*What you should do:* In the records below, find the line with "Phil Mickelson teeing" and repeat exactly every line from it through the line with "Texas Rangers left". Pictures stay out.

*Data supplied:*
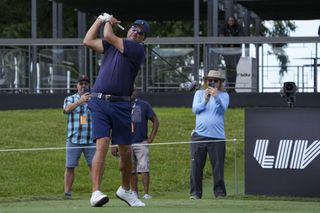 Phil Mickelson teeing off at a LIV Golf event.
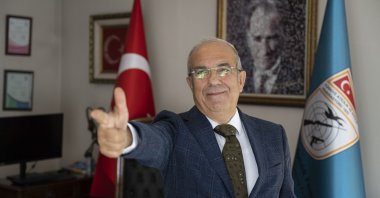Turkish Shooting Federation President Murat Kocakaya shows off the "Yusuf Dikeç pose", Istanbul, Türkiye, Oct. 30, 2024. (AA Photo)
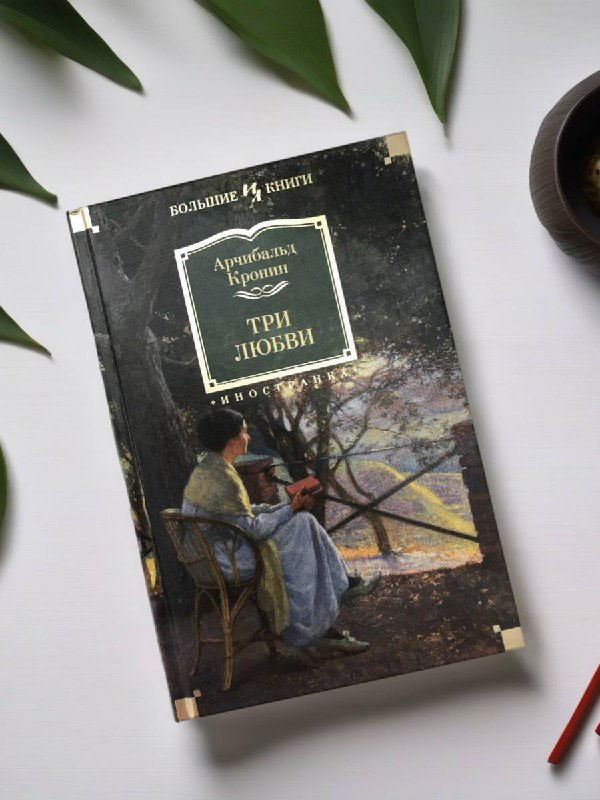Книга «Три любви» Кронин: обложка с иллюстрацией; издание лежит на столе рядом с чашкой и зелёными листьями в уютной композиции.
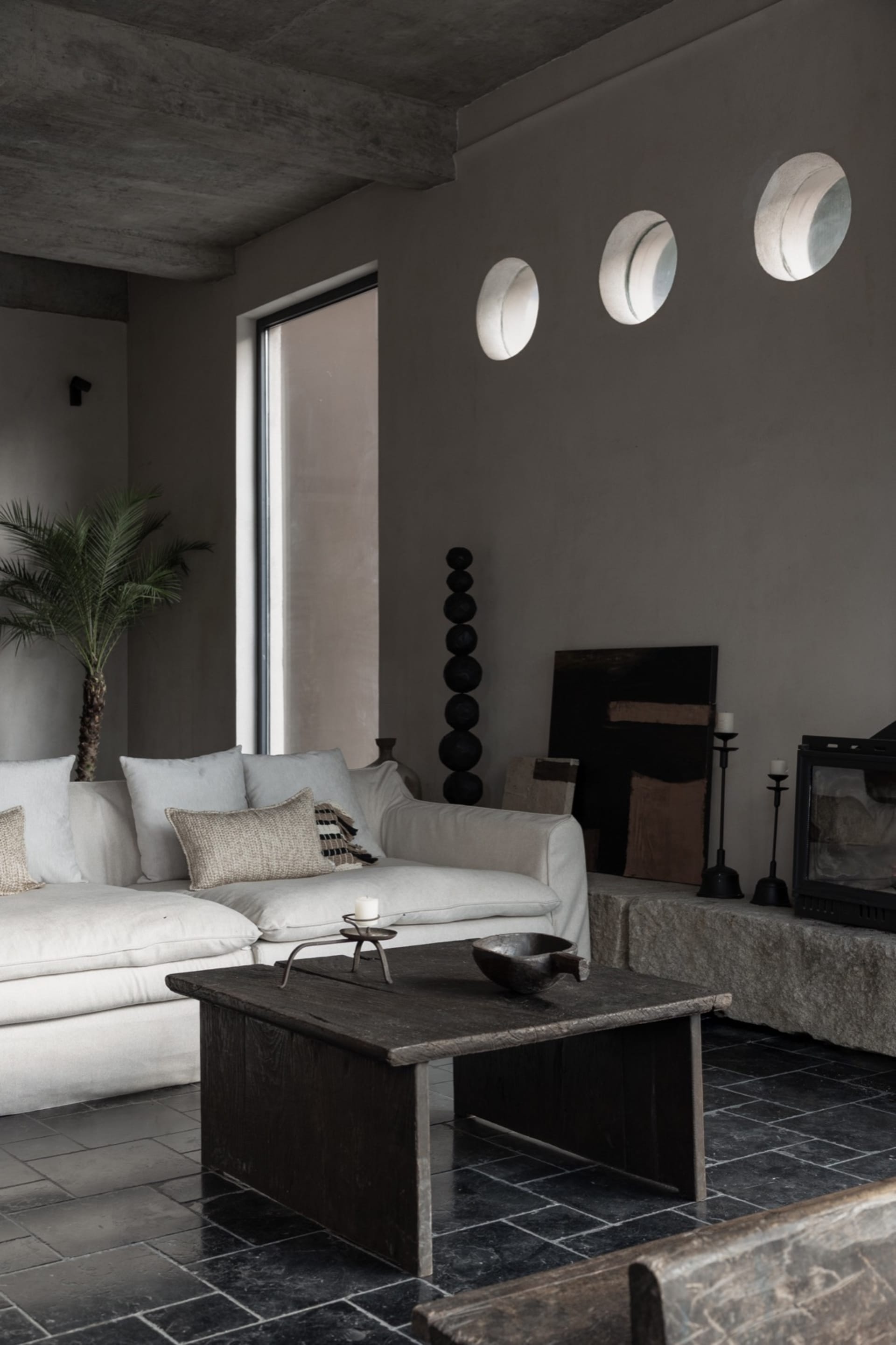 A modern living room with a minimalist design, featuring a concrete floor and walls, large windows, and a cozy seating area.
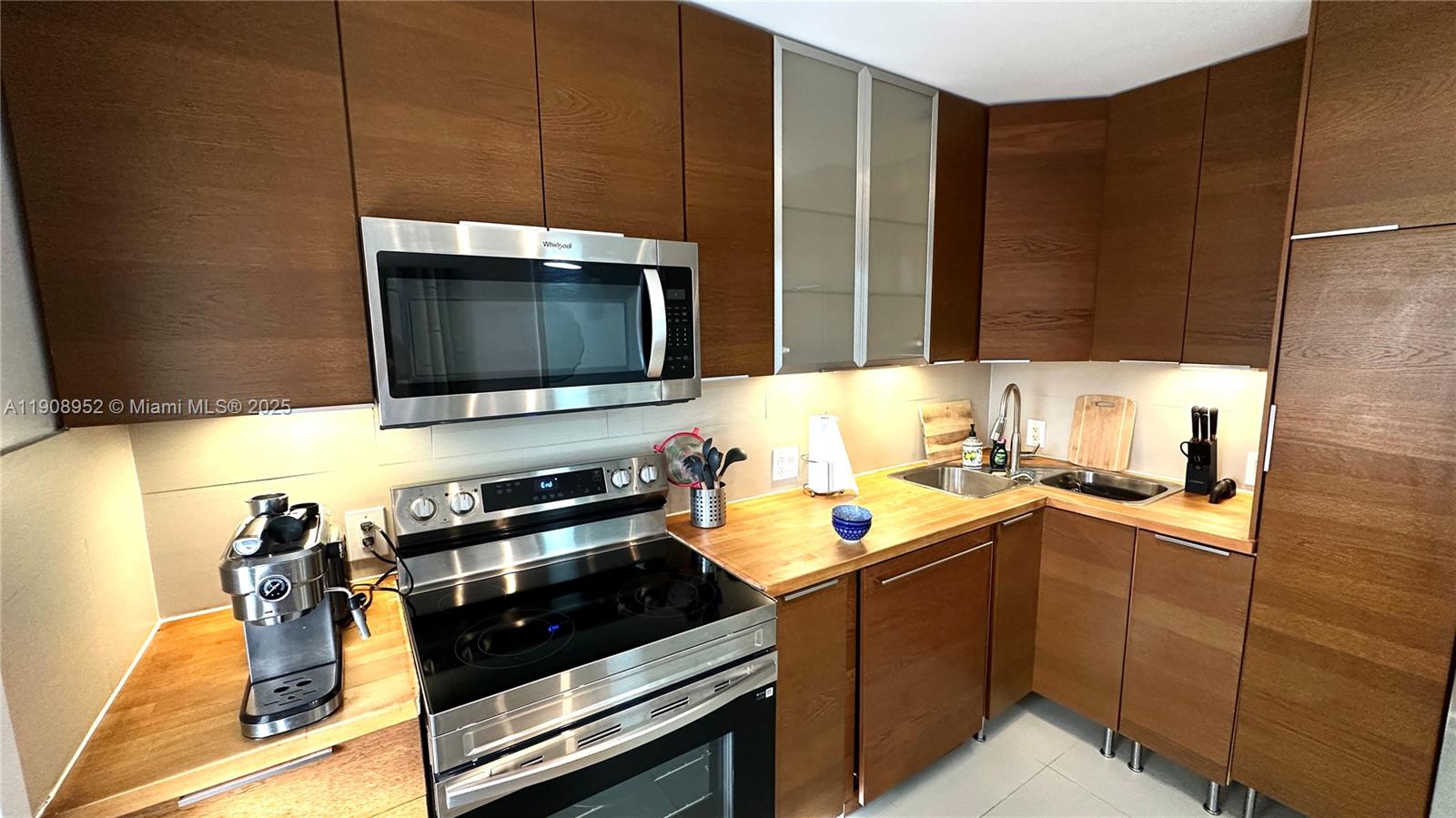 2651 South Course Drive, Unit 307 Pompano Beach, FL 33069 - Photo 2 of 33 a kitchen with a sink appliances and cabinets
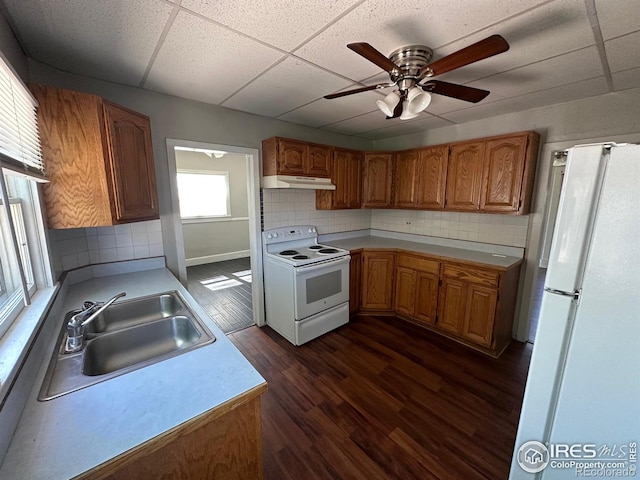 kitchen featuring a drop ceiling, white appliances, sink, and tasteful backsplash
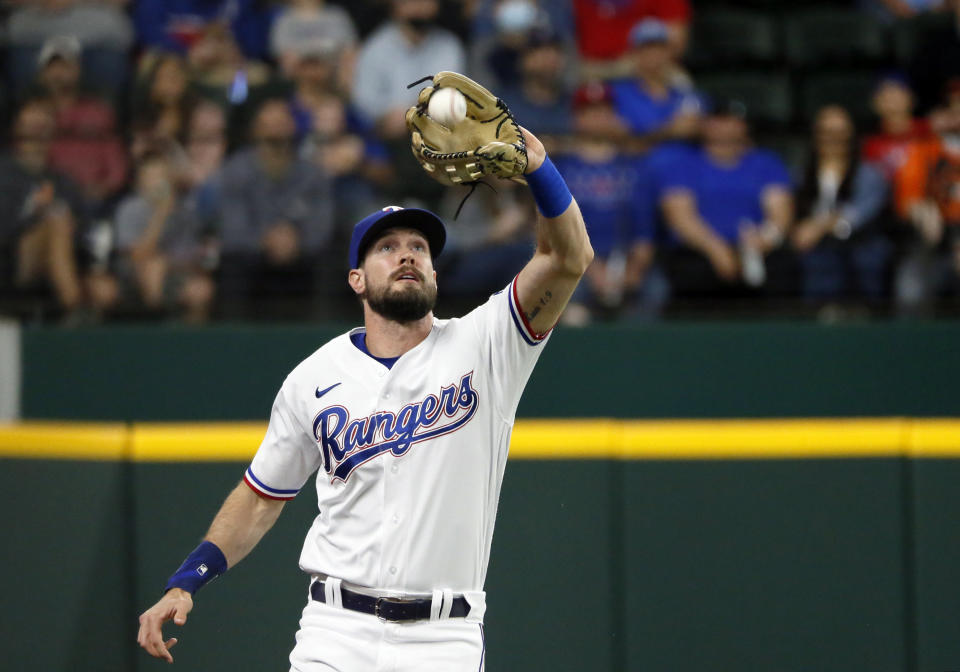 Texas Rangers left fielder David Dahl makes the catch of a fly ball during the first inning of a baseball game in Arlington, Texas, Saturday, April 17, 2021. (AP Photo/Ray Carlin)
---
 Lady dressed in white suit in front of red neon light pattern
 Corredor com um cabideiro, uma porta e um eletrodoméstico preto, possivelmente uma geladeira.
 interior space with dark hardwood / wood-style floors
--
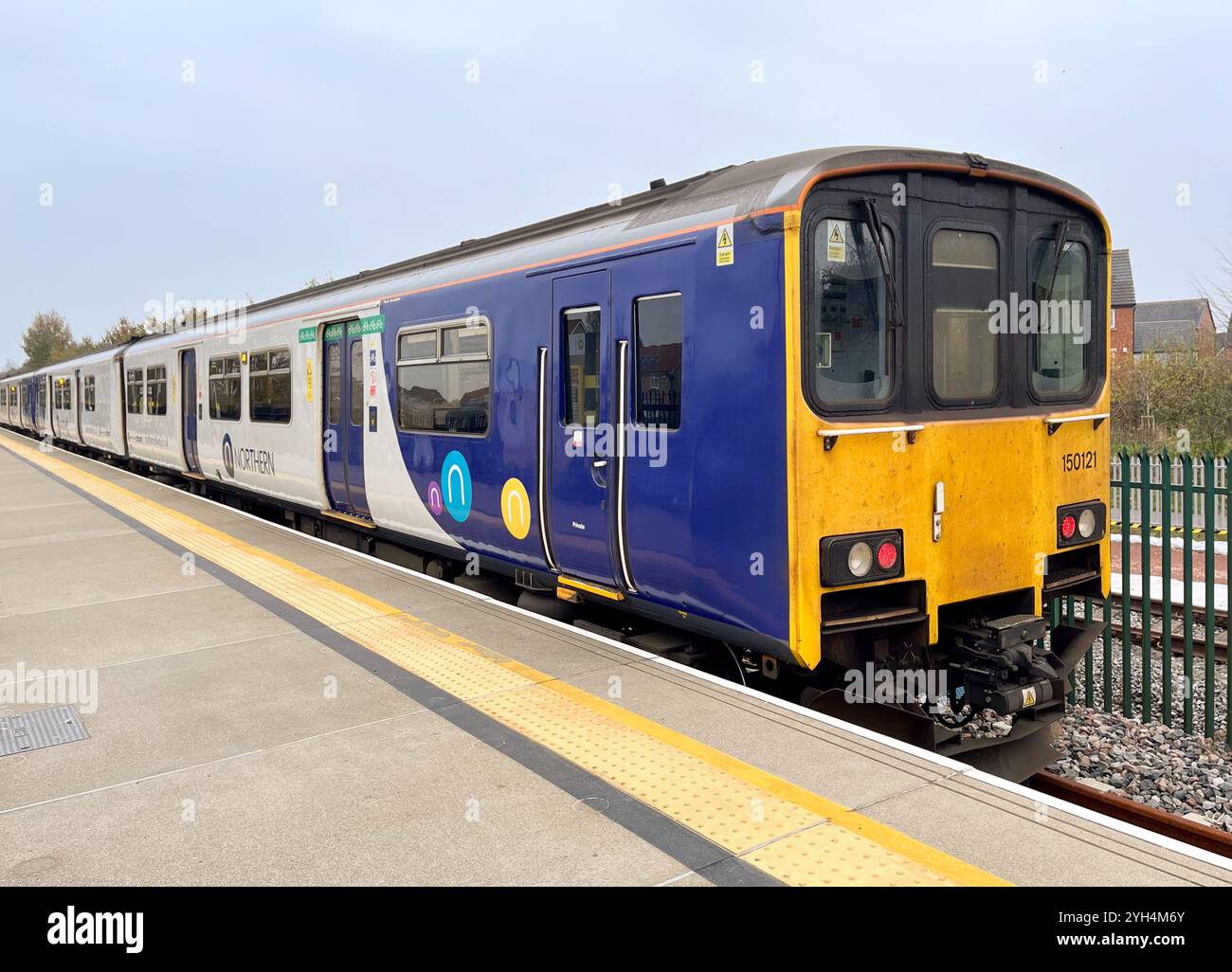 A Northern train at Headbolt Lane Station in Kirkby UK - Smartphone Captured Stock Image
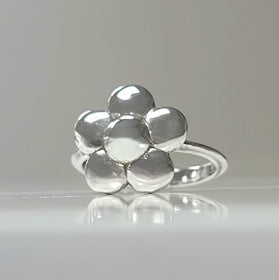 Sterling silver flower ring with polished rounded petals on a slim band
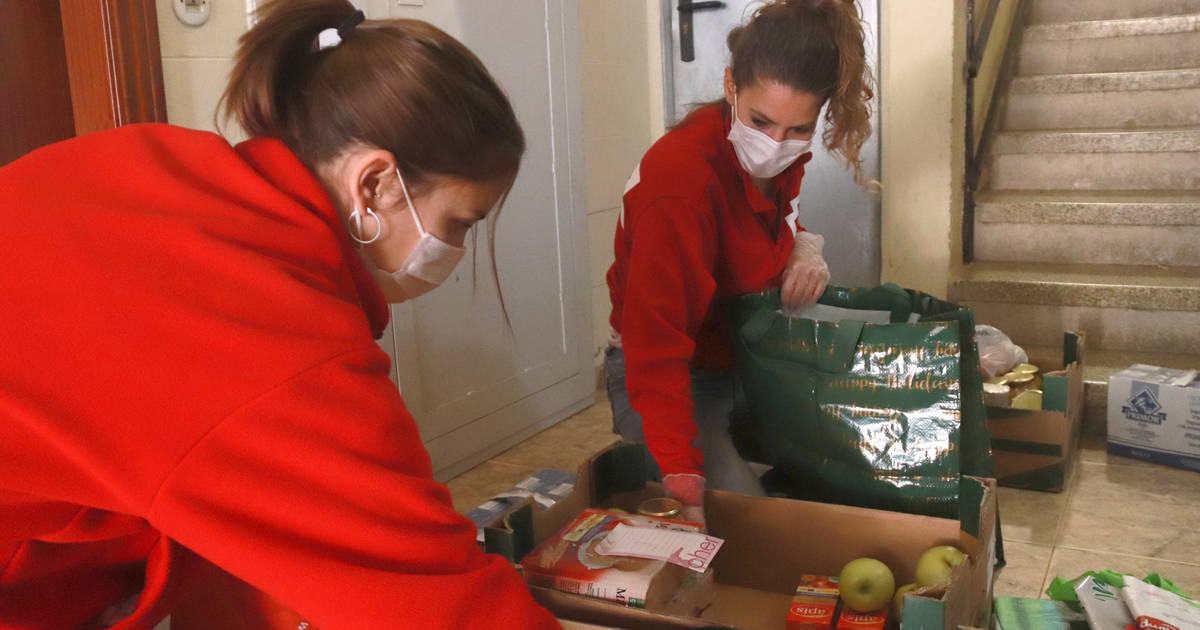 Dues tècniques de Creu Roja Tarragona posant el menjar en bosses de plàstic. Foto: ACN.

*Result for this exercise:*
 Phil Mickelson teeing off at a LIV Golf event.
Turkish Shooting Federation President Murat Kocakaya shows off the "Yusuf Dikeç pose", Istanbul, Türkiye, Oct. 30, 2024. (AA Photo)
Книга «Три любви» Кронин: обложка с иллюстрацией; издание лежит на столе рядом с чашкой и зелёными листьями в уютной композиции.
 A modern living room with a minimalist design, featuring a concrete floor and walls, large windows, and a cozy seating area.
 2651 South Course Drive, Unit 307 Pompano Beach, FL 33069 - Photo 2 of 33 a kitchen with a sink appliances and cabinets
 kitchen featuring a drop ceiling, white appliances, sink, and tasteful backsplash
 Texas Rangers left fielder David Dahl makes the catch of a fly ball during the first inning of a baseball game in Arlington, Texas, Saturday, April 17, 2021. (AP Photo/Ray Carlin)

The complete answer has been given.